4. Continuo a ser perturbado pela visão da praça do Castelo. Quem planejou aquela praça não gostava de plantas, não gostava de pássaros, não gostava de sombras, não gostava de velhos, não gostava de crianças. Sonhava desertos de pedra e cimento. Sugiro que aquela praça seja refeita. E que haja um concurso de paisagismo do qual poderão participar somente moradores de Campinas.

 

5. Hoje, quando escrevo, estão voltando de Portugal o Laerte, a Valéria, sua mulher, tecladista, e a Márcia, flautista – com os respectivos filhos. O Laerte faz teatro. Nada do que vocês estão pensando. Eu mesmo nunca havia visto teatro do jeito como o Laerte faz. É muito divertido – todo mundo fica envolvido de um jeito gostoso. O Laerte fez uma adaptação do meu livro A Pipa e a Flor para o teatro. Na verdade, ele re-criou a estória. Quando a vi pela primeira vez, chorei. Pois ele lutou aqui no Brasil para levar seu espetáculo adiante. Quase mendigou.
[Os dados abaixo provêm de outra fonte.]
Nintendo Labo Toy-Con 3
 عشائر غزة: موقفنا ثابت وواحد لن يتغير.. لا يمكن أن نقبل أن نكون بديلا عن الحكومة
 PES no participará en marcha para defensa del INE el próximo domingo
A indiferença das escolas foi absoluta. Parece que elas já estão tão organizadas dentro das suas rotinas que não querem nada que possa atrapalhar. Enviei um e-mail sobre o Laerte para o meu amigo de Portugal, Ademar Ferreira dos Santos, diretor do Centro de Formação Camilo Castelo Branco. Muito ligado à “Escola da Ponte”. O Ademar acreditou em mim. E tomou as providências. Enviou convite imediato para o Laerte, com passagens para todos o membros da troupe. Em três meses em Portugal, o Laerte fez 54 apresentações em escolas. Estive presente em várias. Foi aplaudido de pé num congresso internacional de teatro.